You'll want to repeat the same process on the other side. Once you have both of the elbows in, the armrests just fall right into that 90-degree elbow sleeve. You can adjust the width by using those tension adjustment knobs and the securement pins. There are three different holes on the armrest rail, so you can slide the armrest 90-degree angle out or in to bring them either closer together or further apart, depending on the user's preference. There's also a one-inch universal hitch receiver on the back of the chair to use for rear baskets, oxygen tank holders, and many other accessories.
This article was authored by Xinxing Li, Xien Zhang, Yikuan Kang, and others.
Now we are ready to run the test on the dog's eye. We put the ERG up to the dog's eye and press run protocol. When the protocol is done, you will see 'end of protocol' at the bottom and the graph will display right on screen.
==
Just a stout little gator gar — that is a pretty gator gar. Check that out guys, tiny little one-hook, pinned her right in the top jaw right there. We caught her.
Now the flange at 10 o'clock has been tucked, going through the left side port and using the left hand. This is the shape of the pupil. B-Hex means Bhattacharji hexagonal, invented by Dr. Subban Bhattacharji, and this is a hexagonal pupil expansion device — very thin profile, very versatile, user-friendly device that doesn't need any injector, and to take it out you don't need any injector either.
---
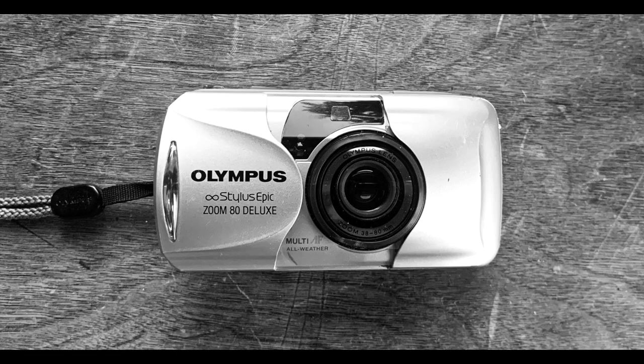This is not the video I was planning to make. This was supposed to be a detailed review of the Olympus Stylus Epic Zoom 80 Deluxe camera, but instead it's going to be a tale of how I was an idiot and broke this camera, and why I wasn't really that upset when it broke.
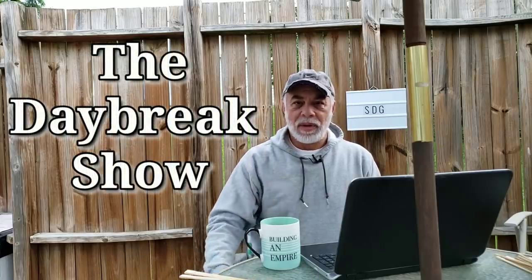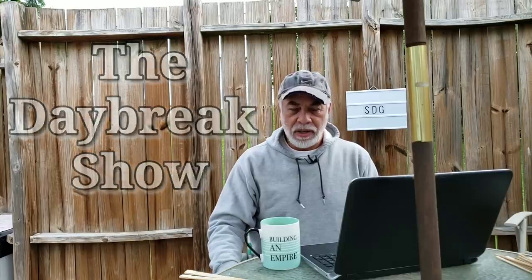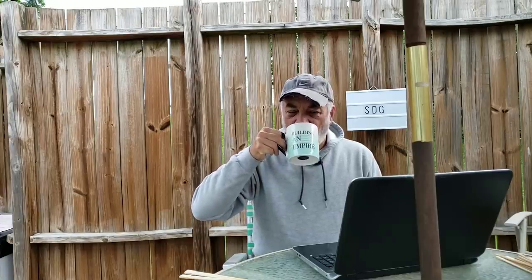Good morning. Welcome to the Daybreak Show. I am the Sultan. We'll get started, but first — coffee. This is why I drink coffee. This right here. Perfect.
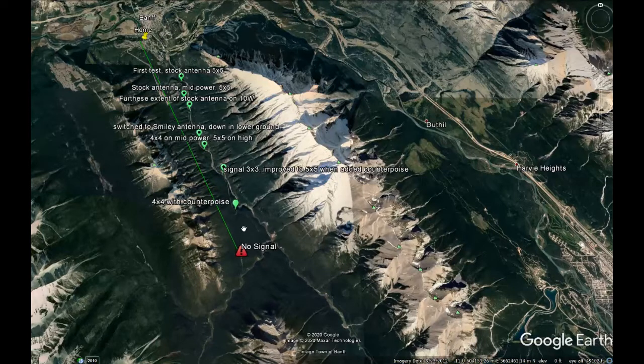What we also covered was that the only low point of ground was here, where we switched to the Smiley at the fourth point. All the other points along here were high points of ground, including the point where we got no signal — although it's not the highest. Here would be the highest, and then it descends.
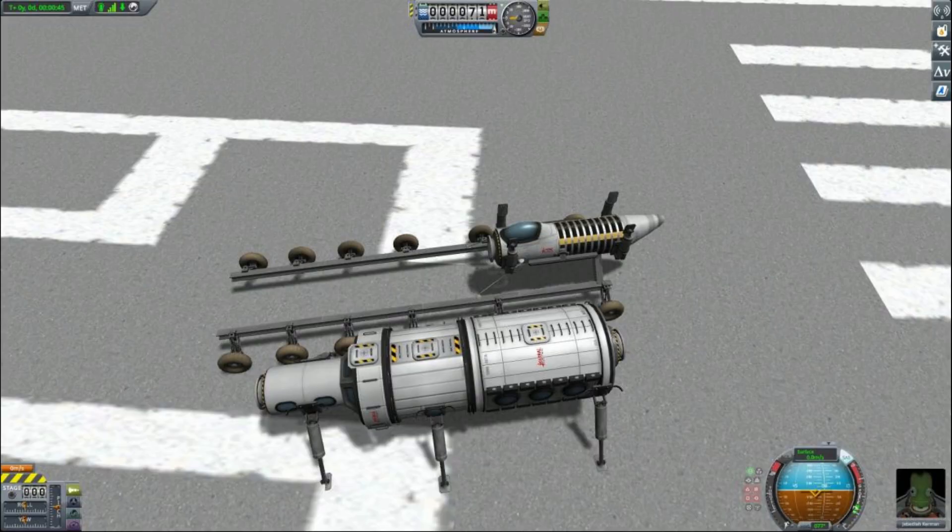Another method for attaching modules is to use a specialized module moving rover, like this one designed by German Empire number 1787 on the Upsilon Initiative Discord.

(Problem to work on)
From the listing above, the lines starting with the one that has "You'll want to" and running through the one that has "Now we are ready" should be copied exactly, ends included.

(Answer space)
You'll want to repeat the same process on the other side. Once you have both of the elbows in, the armrests just fall right into that 90-degree elbow sleeve. You can adjust the width by using those tension adjustment knobs and the securement pins. There are three different holes on the armrest rail, so you can slide the armrest 90-degree angle out or in to bring them either closer together or further apart, depending on the user's preference. There's also a one-inch universal hitch receiver on the back of the chair to use for rear baskets, oxygen tank holders, and many other accessories.
This article was authored by Xinxing Li, Xien Zhang, Yikuan Kang, and others.
Now we are ready to run the test on the dog's eye. We put the ERG up to the dog's eye and press run protocol. When the protocol is done, you will see 'end of protocol' at the bottom and the graph will display right on screen.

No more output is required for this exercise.